Submitted by the San Juan Island Museum of Art
Visual artist Dianne Kornberg and poet, Elisabeth Frost, will be presenting a series of Art As A Voice talks on Lopez, San Juan, and Orcas Islands during October. Kornberg’s work with Frost is featured in the exhibition, For All We Know on display through November 28th at the San Juan Islands Museum of Art (SJIMA) in Friday Harbor. Kornberg, an Obstruction Island resident, collaborates with Frost to make photo-based digital prints that incorporate poetic text.
Kornberg relies on her knowledge of the conventions of scientific collection, preservation, and notation to create beautiful fictional specimen pages. “These works both honor and question the creation of knowledge, employing visual allusions and poetic text to create alternate ways of understanding the ‘evidence’ before us,” says Kornberg.
Both women have held artist residencies in the Whiteley Center at the University of Washington Friday Harbor Laboratories where Kornberg made some of the photographs used in the exhibition. What Is Left, a meditation on dying and grief, is a singular piece in the exhibition. “It moves between the abstract and the concrete, in both image and text, to explore the charged and disorienting experience of grief,” says Frost.
Dianne Kornberg has been exhibiting her artwork nationally and internationally for more than three decades. She is a Professor Emerita at Pacific Northwest College of Art in Portland, Oregon. Her work is in several important museum collections, including those of the International Center for Photography, the Princeton Art Museum, the Houston Museum of Art, the Seattle Art Museum, and the Portland Art
Museum. Her work appears in multiple book publications, and is the subject of four monographs.

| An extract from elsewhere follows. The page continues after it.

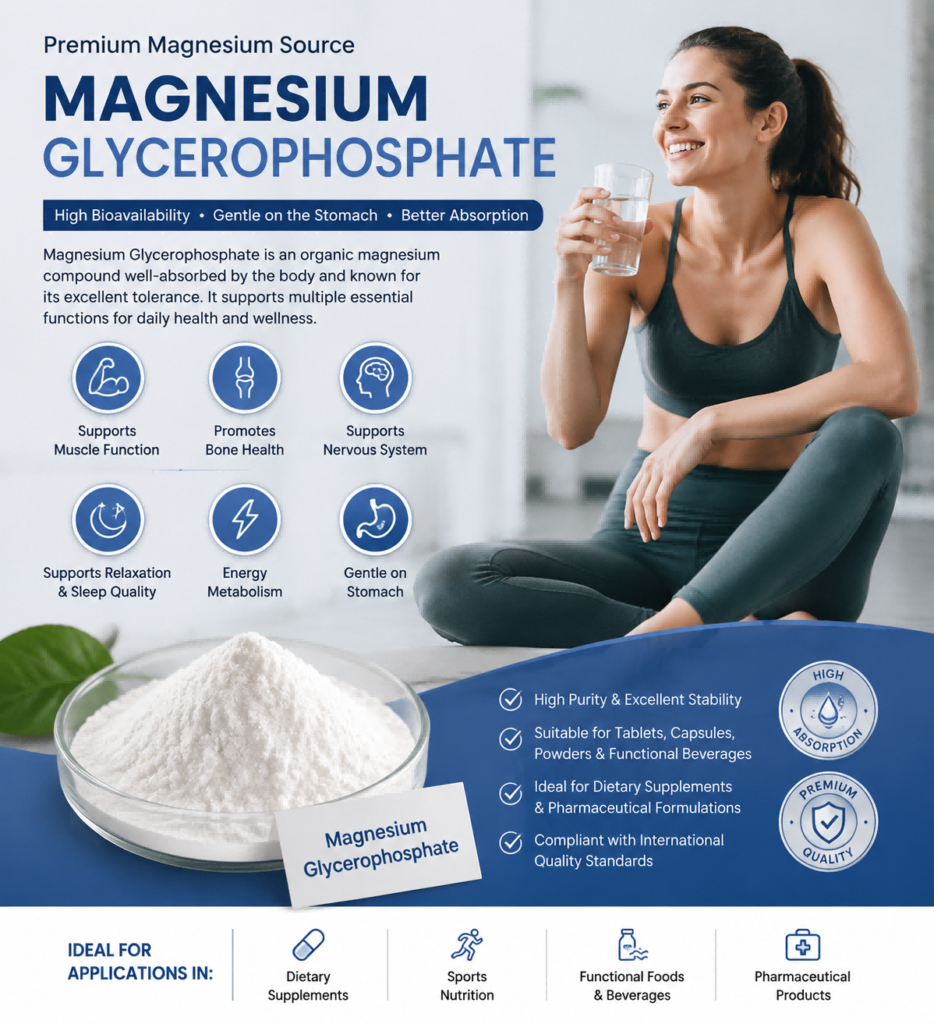 Premium Magnesium Glycerophosphate powder for dietary supplements, manufactured by Yantai Hongyu Starry Biotech Co., Ltd.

Elisabeth Frost’s books include All of Us: Poems, Bindle (collaborations with artist Dianne Kornberg), and the chapbooks A Theory of the Vowel. She is also the author of The Feminist Avant-Garde in American Poetry and co-editor of Innovative Women Poets: An Anthology of Contemporary Poetry and Interviews. She is Professor of English and Women’s Studies at Fordham University, where she edits the Poets Out Loud Prize book series.